Overfit lets people build models from limited observations, and the testable models may produce unexpected new ideas and products that would not have been directly derivable even given larger and more complete observations.

On an evolutionary scale, humans are fast learners, indeed. However, human individuals show a lot of variation in risk assumption. While humans all must demonstrate some overfit in learning the basic functions and survival skills of life, some people like to base jump and others prefer a nice walk around the block. There is similar wide variance in high-level thinking and idea generation from person to person.

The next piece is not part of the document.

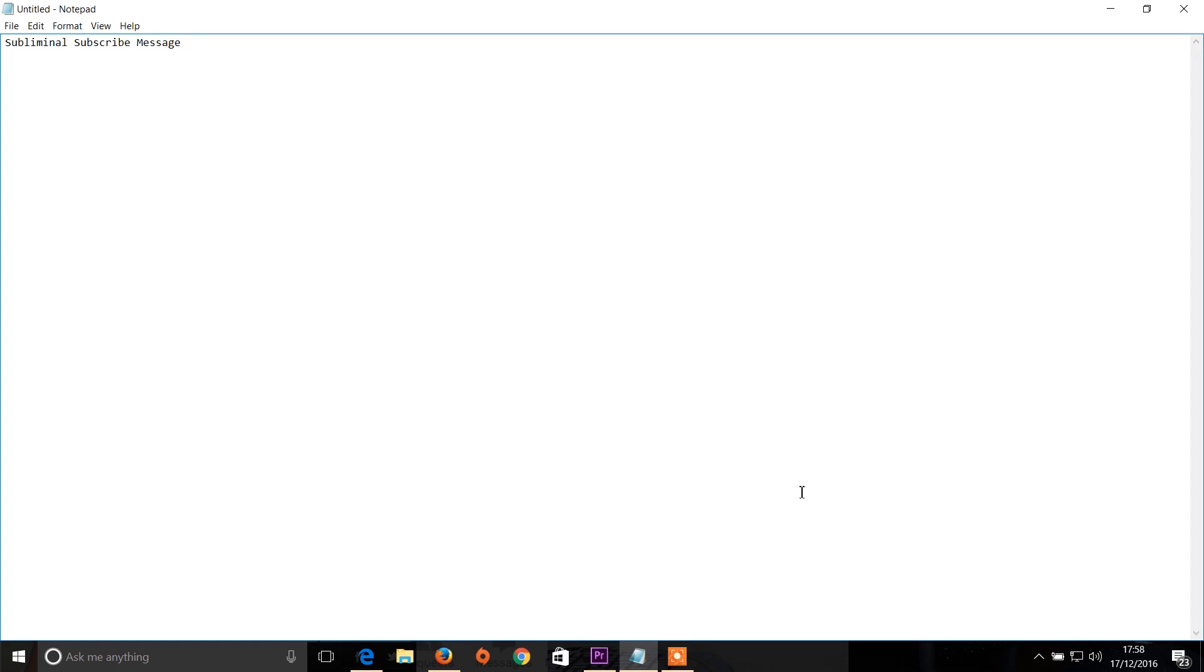Hi guys, Rachybop here and today I'm going to be showing you how to record The Sims Free Play using OBS.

There is also substantial variation between humans in how quickly they draw conclusions from their observations, and how strongly they adhere to those conclusions given new and conflicting observations. Is flexibility or conviction a more valuable trait?

Once a human has created or adopted an overfit model for a given set of observations, they may tune the model based on additional observations. But they will rarely give up a model completely and start fresh. Creating an entirely new model is perhaps the definition of both existential and scientific revolutions.

How do employers assess employees for occupational fit with such a wide variation?

Occupational proficiency assessment is designed to test and assess what a person knows (knowledge and perhaps facts) and what they are able to do (skills). For most modern manufacturing and logistics economy jobs, this means measuring tightly focused “horizontal” skills.

Widely used assessment tests (educational, job placement, job performance) all measure innate sensory integration and learned horizontal skills (see our first post). They test what a person is physiologically capable of and how well a person has memorized knowledge and learned skills. Any test with a defined answer falls into this category, especially those tests that can already be graded by computer. We will dig deeper into assessment testing in later posts.

To summarize, we believe that…

  • Creativity is based on overfit, and

  • Overfit is machine learnable, so

  • People eventually will end up building creative machines.

Machine learning and robotics systems will become more capable of performing what humans consider to be novel and imaginative tasks. As this happens, job displacement due to automation will continue to increase. It is not a problem with human imagination. It is a side-effect of humans’ millennia-old refinement of specialized job roles that do not depend on imagination.